Commercial space would total 2.5 million square feet in 30 buildings. By comparison, The Oaks mall in Thousand Oaks and the Pacific View mall in Ventura each contain about 1 million square feet. The controversial Ahmanson Ranch project near Calabasas has nearly the same number of homes but only about one-sixth RiverPark's office and retail space.

Developers hope to break ground by late summer and open the first of five phases for occupancy by early 2004, after construction of a new freeway interchange and the widening of the adjacent Santa Clara River Bridge--a $100-million project set to begin next month.

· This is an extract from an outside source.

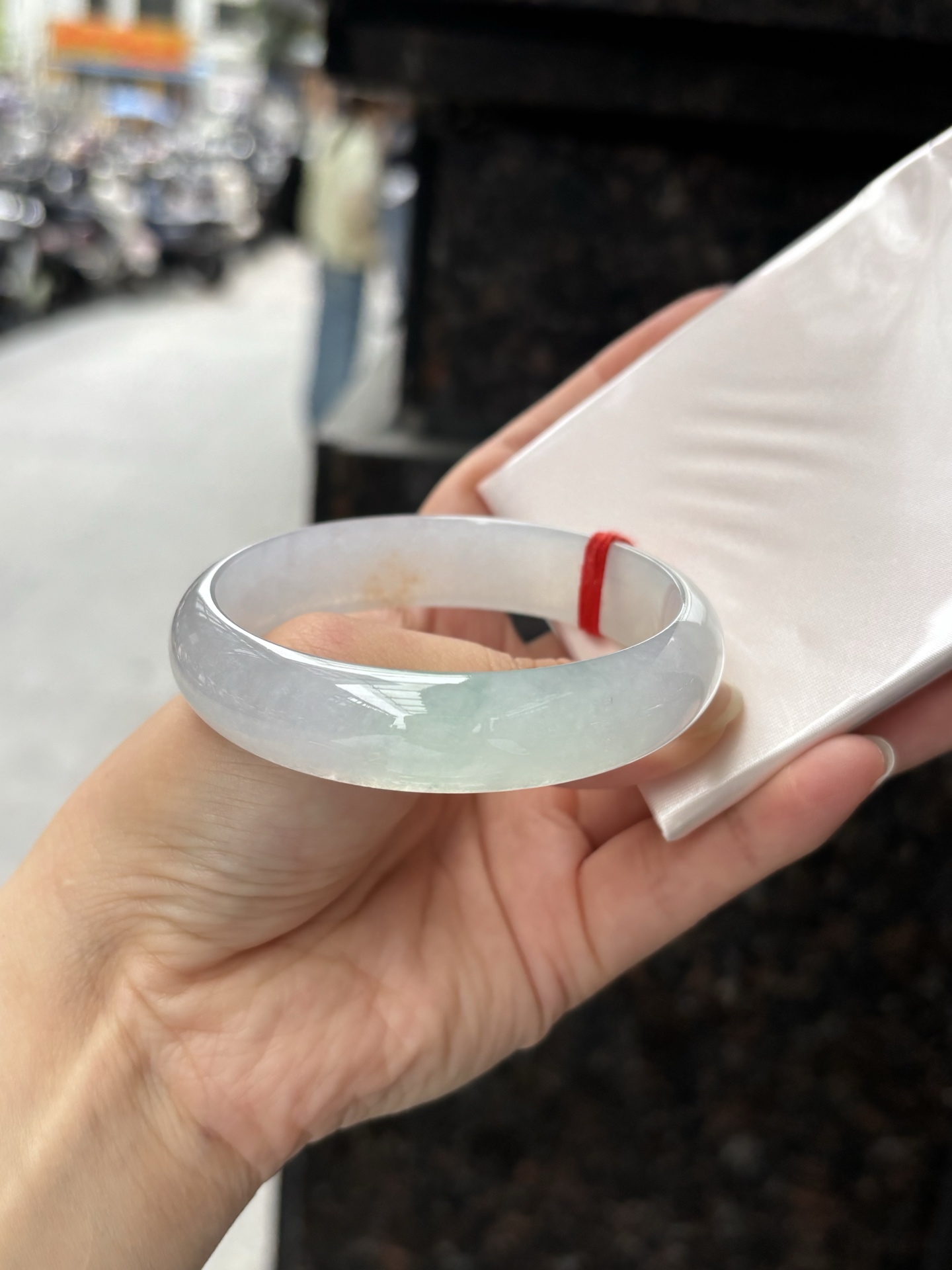 三彩宽版正圈 57.7-14.2-7 0408-N379 ，底妆冰润，春彩洒金，有三彩特色，仿佛彩虹般的色彩，绚丽梦幻，气质清新淡雅，上手靓丽大方。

"It's nice to be able to point to RiverPark as a sophisticated development up to the level that good companies want and are accustomed to seeing," said Steve Kinney, chief of the city-backed Oxnard Community Development Corp. "That quality of land development doesn't exist now in Oxnard."

Project Wins Praise From Many Sides

Despite its enormous size and a host of potential problems, RiverPark has received praise not only from Oxnard City Hall but from water quality, environmental and affordable housing advocates, and from school officials and the city and county of Ventura.

All initially voiced concerns, but are now at least neutral, if not entirely satisfied, because of changes by developers to answer their complaints. The entire project is within Oxnard's growth boundaries.

"The perspective here, from top to bottom, is that there aren't any major obstacles," said Paul Calderwood, the planner leading Ventura's analysis of RiverPark. "We're having productive, problem-solving types of discussions."

Ventura's position is significant, because Oxnard and Ventura traded lawsuits for a decade over construction of rival shopping malls before signing a peace treaty. Ventura also had blocked for years an even larger commercial project on part of the RiverPark site because of traffic concerns.

RiverPark's greatest potential flaw, in fact, are the nearly 79,000 vehicles that would flow from it each day onto local streets and the Ventura Freeway. That includes about 10,000 during the evening rush hour.

The Ventura Freeway is already so clogged during peak hours and on weekends that cars back up for miles waiting to cross the Santa Clara River Bridge that connects Oxnard and Ventura.

But under a 1998 agreement settling Ventura's lawsuit, Oxnard won't allow RiverPark to be occupied until the bridge's two-lane bottleneck to northbound cars is expanded to four lanes. That is tentatively set for mid-2003. By 2006, the bridge is set to be widened to 12 lanes.

"Traffic, obviously, is a big issue," Ventura Councilman Sandy Smith said. "But we haven't reached anything in the process where we've started preparing for war."

Perhaps RiverPark's most costly and unusual accommodation is a tentative agreement to build three schools at an estimated cost of $47 million.

Educators were concerned the project's 1,900 school-age children would jam already-crowded campuses in nearby neighborhoods. But RiverPark agreed not only to donate 37 acres for the three schools--the usual developer contribution--but to build and equip those schools, with no guarantee of repayment.

The first elementary school would open as part of the first phase of 500 homes in 2004, the junior high in 2005 and the second elementary school in 2006, school officials said.